There is an archeological museum in Gwalior, but I wonder if it ever gets any visitors (except me). It seemed much more abandoned than the abandoned palace, in spite of being full of the most amazing artefacts (not pictured here).

In Datia there is yet another ghost palace, not yet restored, so the resident bats have a great place to roam about. Already on the way up to the palace I was taken in by the lovely town. There was a spontaneous guide waiting, desperate for some people to show around. I was a little short of time, very unfortunately: this was a palace with a soul that spoke to my imagination, with its rundown, unlit stairwells, superb arches and the promising bright light at the end of the corridors …

Orchha also boasts an abandoned palace, where bats most certainly live. I didn’t see any though. However, I had some close encounters with the stern-looking vultures who have made this their dwelling.

To further enhance the spooky atmosphere, there was a morning mist and, as I was now getting used to, no other visitors. There were spider webs, bird droppings, empty niches, holes in the floor and blackened walls, but in the middle of it all some amazing outbursts of colour, allowing for a glimpse into a bygone era.


Gold, and some silver

The December afternoon light in southern France is pure gold. You don’t believe me? Take a look and then tell me if I’m wrong.

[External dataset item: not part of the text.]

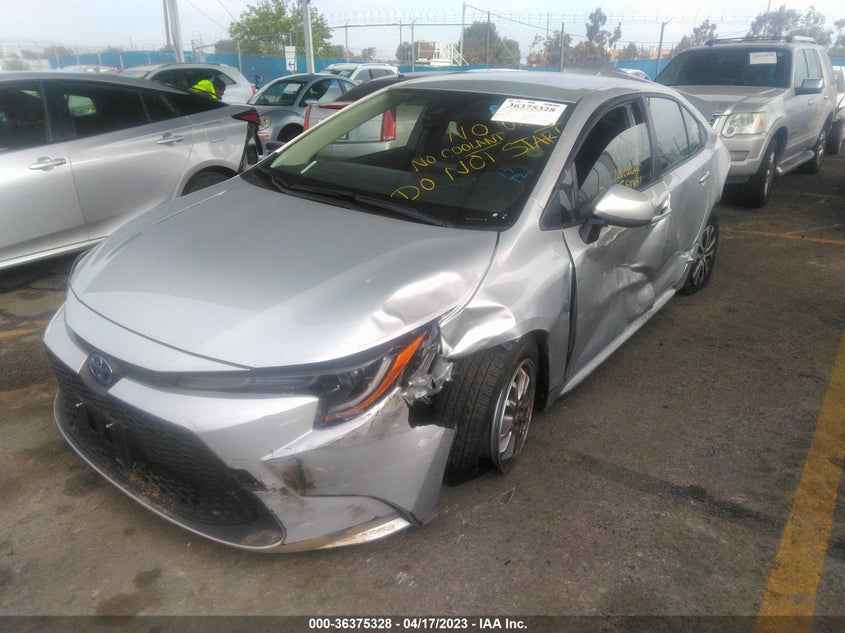 VIN JTDEAMDEXN3010802 2022 TOYOTA COROLLA HYBRID LE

There was certainly very little excitement during the hour-long walk this afternoon on the road from Vinsobres to Venterol (I walked only a very small part of the 8 kilometers, it takes time to take a walk with a camera in your hand when there are photo opportunities all around you all the time):

  • I met one car with a wild driver trying his best to splash as much water and mud as possible from the only puddle on the road
  • I met one “utility car” from the commune with a smiling driver behind the wheel
  • Then there were two more cars, one in each direction
  • I met a man on a scooter
  • I met two very friendly ladies who wished me luck with my photos
  • I heard a dog barking furiously from a distance. As I approached I saw a very friendly-looking tail-wagging little creature behind a fence. I would have liked to make friends with him/her, but the fence was in the way.

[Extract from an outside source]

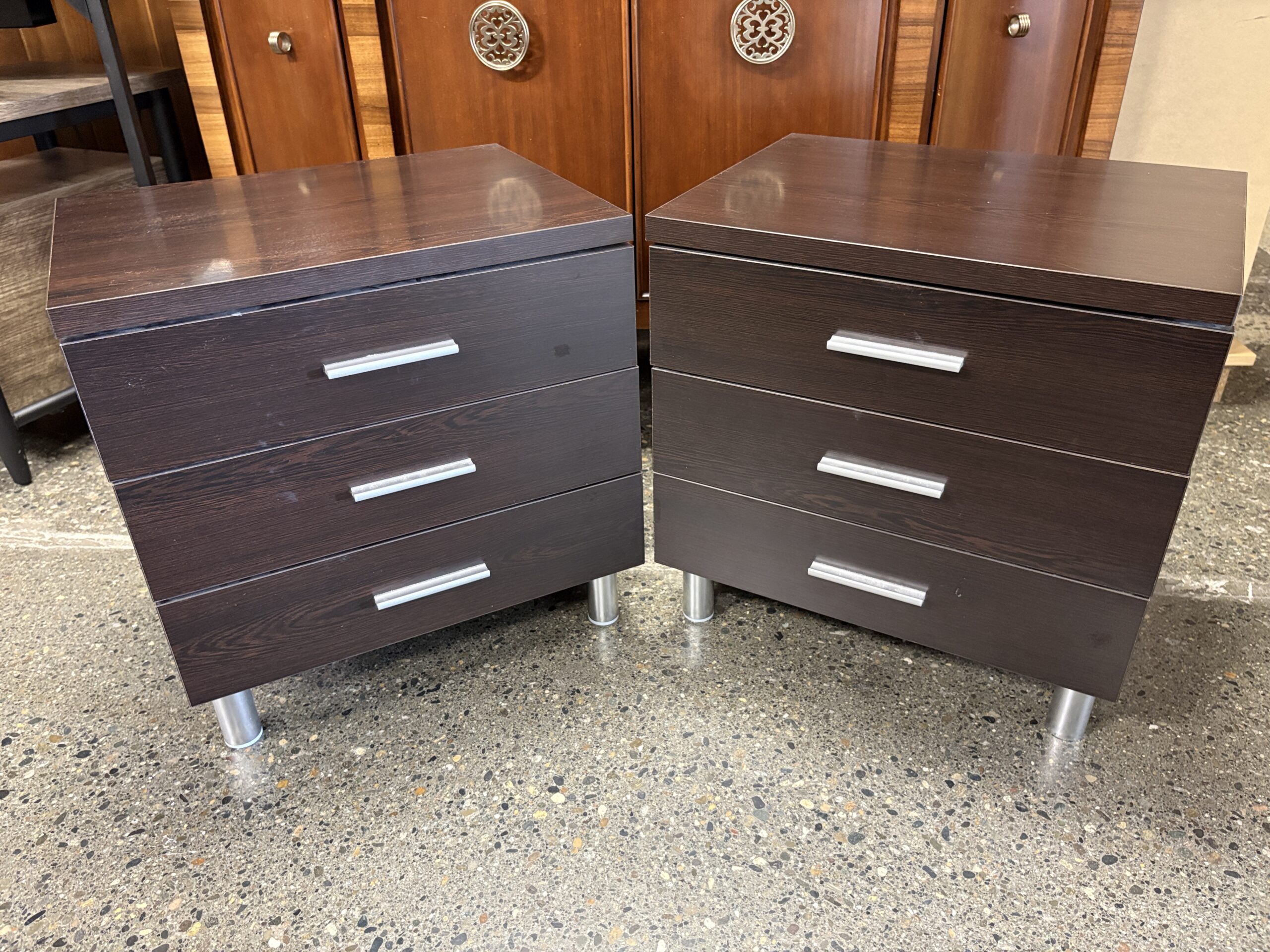 Dark Stained 3-Drawer Nightstands w/ Chrome Accents (Set of 2)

As I turned around to stroll back, a silvery tint blended with the gold.

It was a meditative walk.


On the beach

Although I love warm weather, the sun and the beach, I very soon get bored and restless if I just lie still sunbathing. Luckily there are usually many things to do and interesting things to observe around you. In Goa, on Mandrem Beach, you can:

  • take an early morning walk along the beach and watch the light morning haze slowly disappear

  • watch the fishermen preparing their nets

  • have your legs threaded – this means having them shaved with a thread (I didn’t dare though)
  • look at the ever-present dogs frolicking in the sand
  • admire the flowers that propagate over the sand before the sand stretch becomes a beach

  • contemplate the impact of the waves on a recently built sand castle. If your restlessness is severe, I would suggest that you build the castle yourself. I just used an already existing one for my reveries.

  • meet handsome Julia, one of the ladies selling clothes (nice stuff!) on the beach. Or if she isn’t on the beach, take a break and go to her shop for a chat. Warning: this may lead to some shopping!

  • watch the sun set.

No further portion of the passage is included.